Hartenbach S, Daoud-El Baba M, Weber W, Fussenegger M - Nucleic Acids Res. (2007)

Bottom Line: Arginine-controlled transgene expression showed rapid induction kinetics in a variety of mammalian cell lines and was adjustable and reversible at concentrations which were compatible with host cell physiology.ART variants containing different transactivation domains, variable spacing between ARG box and minimal promoter and several tandem ARG boxes showed modified regulation performance tailored for specific expression scenarios and cell types.Mice implanted with microencapsulated cells engineered for ART-inducible expression of the human placental secreted alkaline phosphatase (SEAP) exhibited adjustable serum phosphatase levels after treatment with different arginine doses.

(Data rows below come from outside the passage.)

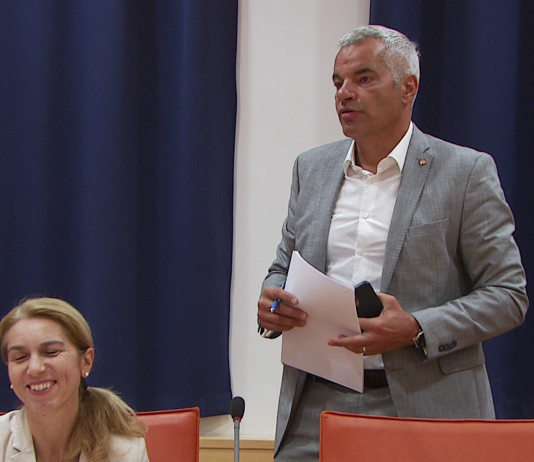 Mariborski proračun za leto 2027 kljub očitkom uspešno skozi prvo branje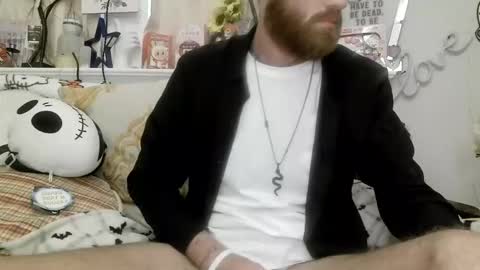 Snapshot of 90210screamer chatting on March 24, 2026, 12:32 pm 90210screamer online show from March 24, 2026, 12:32 pm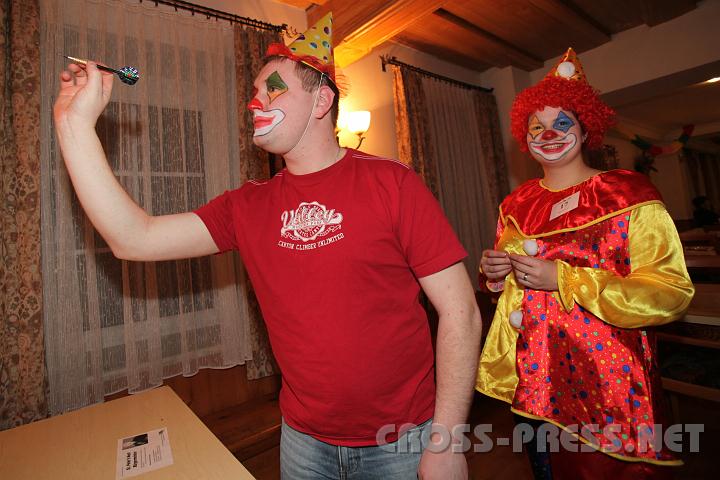 2009.02.24_21.36.20.jpg - Martin Rumayr und Angelika Weindlmayer aus St.Perer als Clowns.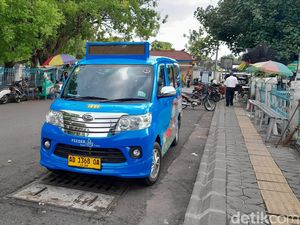 Pemkot Solo Remajakan Puluhan Feeder BST di 3 Koridor Pemkot Solo Remajakan Puluhan Feeder BST di 3 Koridor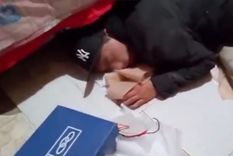 El momento del ladrón dormido fue capturado por los dueños de casa.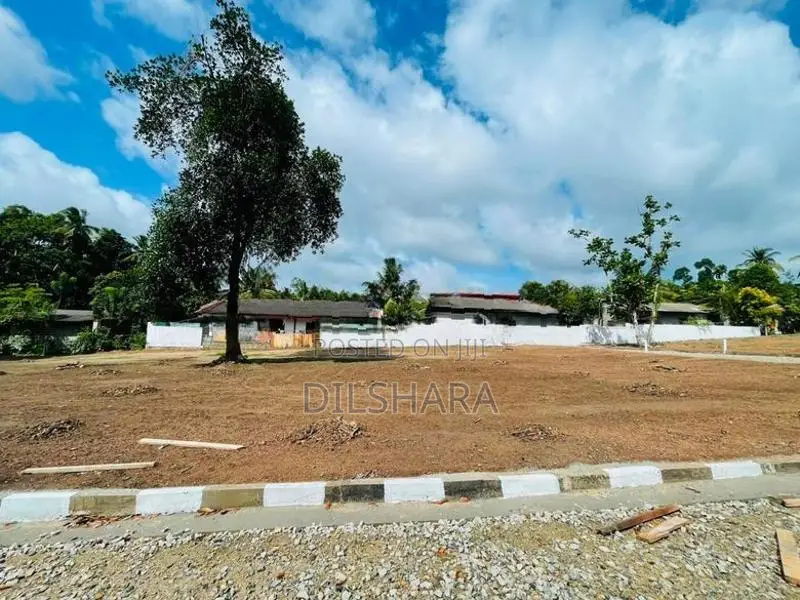 Gampaha Udugampola Land for Sale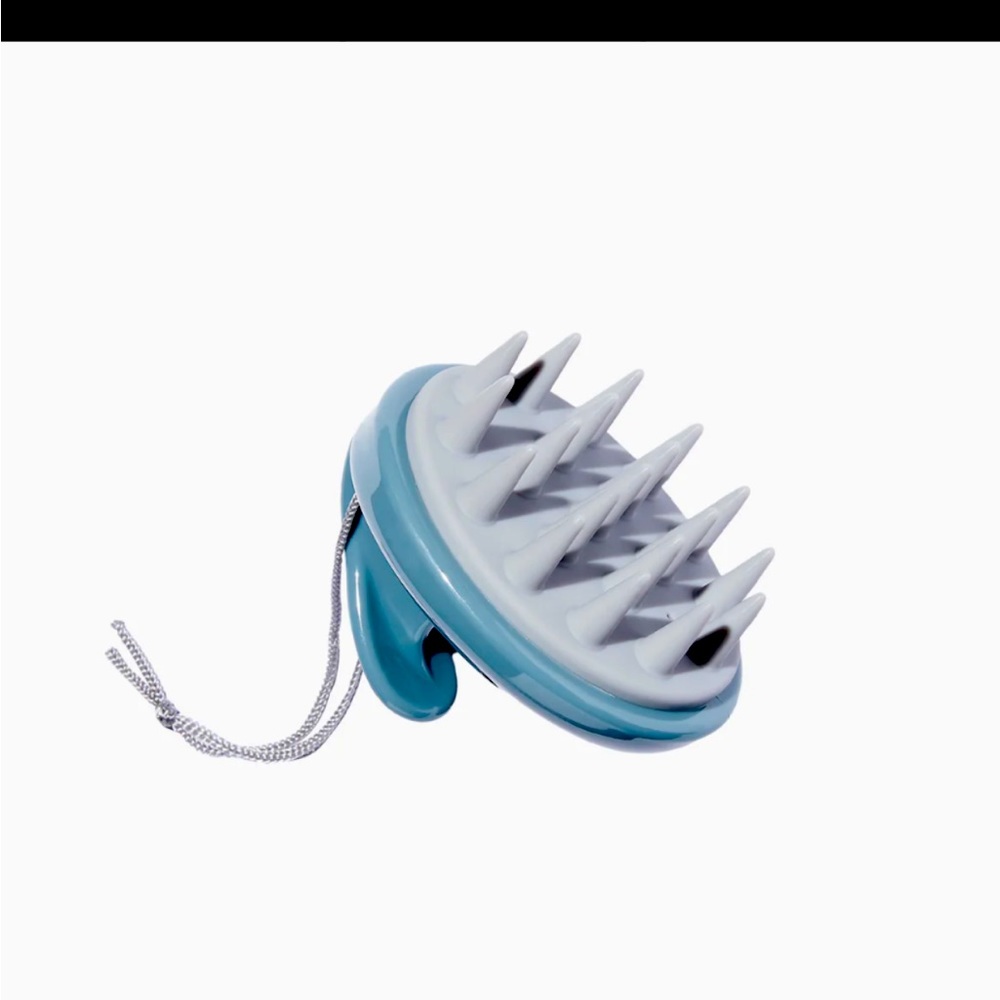 FREE W/ANY OTHER PURCHASE FROM MY CLOSET! New in box: stimulating scalp massager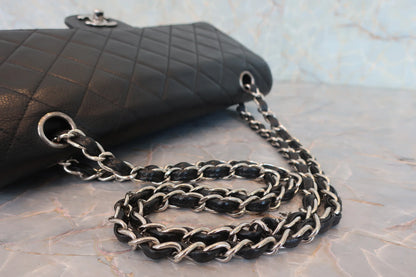 Chanel Matelassé Doppia Patta e Doppia Catena Pelle Caviar Nera – 25 cm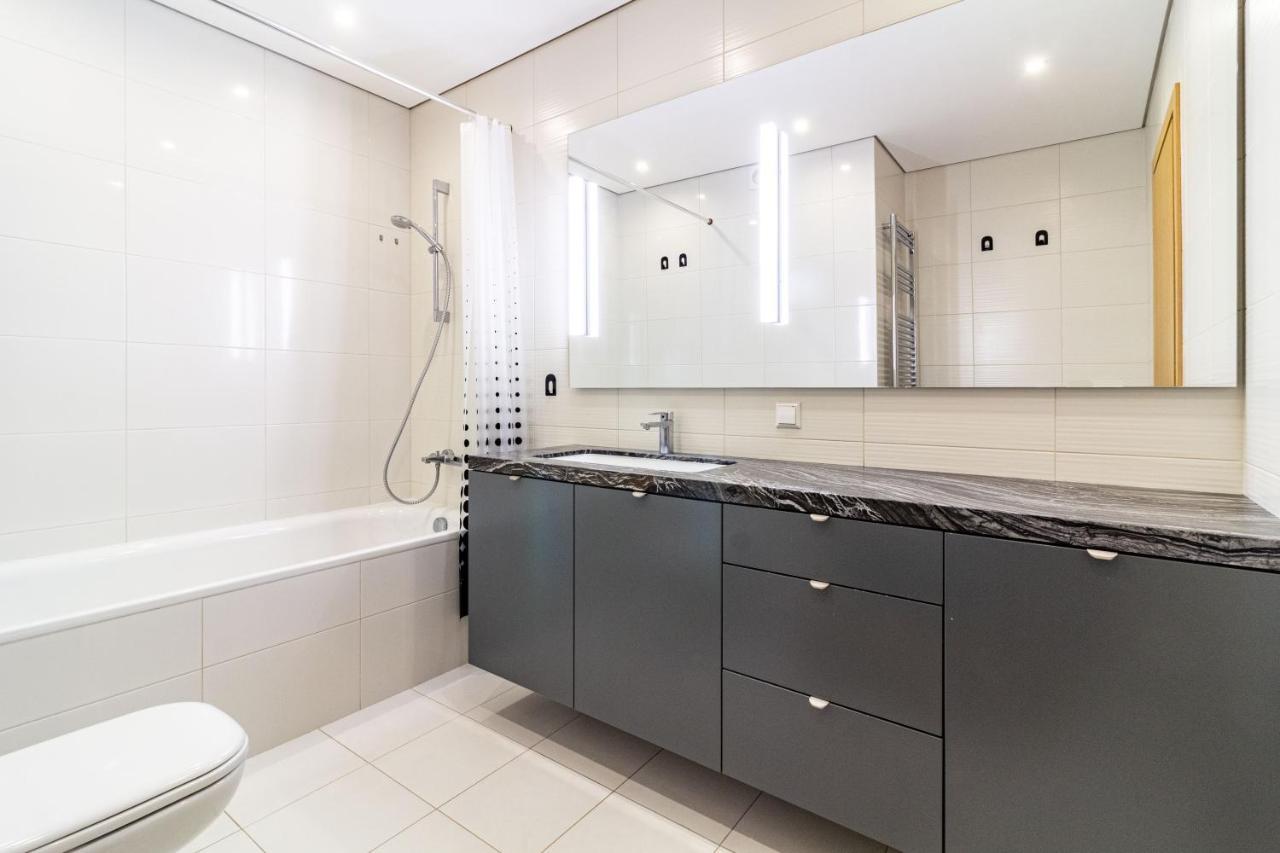 Cohost I Sunny Center Apt, Covered Parking, Balcony & Self Check-In Kaunas Ngoại thất bức ảnh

View Article: PubMed Central - PubMed

Affiliation: Institute for Chemical and Bioengineering, ETH Zurich, Wolfgang-Pauli-Strasse 10, HCI F115, CH-8093 Zurich, Switzerland.

ABSTRACT
For optimal compatibility with biopharmaceutical manufacturing and gene therapy, heterologous transgene control systems must be responsive to side-effect-free physiologic inducer molecules. The arginine-inducible interaction of the ArgR repressor and the ArgR-specific ARG box, which synchronize arginine import and synthesis in the intracellular human pathogen Chlamydia pneumoniae, was engineered for arginine-regulated transgene (ART) expression in mammalian cells. A synthetic arginine-responsive transactivator (ARG), consisting of ArgR fused to the Herpes simplex VP16 transactivation domain, reversibly adjusted transgene transcription of chimeric ARG box-containing mammalian minimal promoters (P(ART)) in an arginine-inducible manner. Arginine-controlled transgene expression showed rapid induction kinetics in a variety of mammalian cell lines and was adjustable and reversible at concentrations which were compatible with host cell physiology. ART variants containing different transactivation domains, variable spacing between ARG box and minimal promoter and several tandem ARG boxes showed modified regulation performance tailored for specific expression scenarios and cell types. Mice implanted with microencapsulated cells engineered for ART-inducible expression of the human placental secreted alkaline phosphatase (SEAP) exhibited adjustable serum phosphatase levels after treatment with different arginine doses. Using a physiologic inducer, such as the amino acid l-arginine, to control heterologous transgenes in a seamless manner which is devoid of noticeable metabolic interference will foster novel opportunities for precise expression dosing in future gene therapy scenarios as well as the manufacturing of difficult-to-produce protein pharmaceuticals.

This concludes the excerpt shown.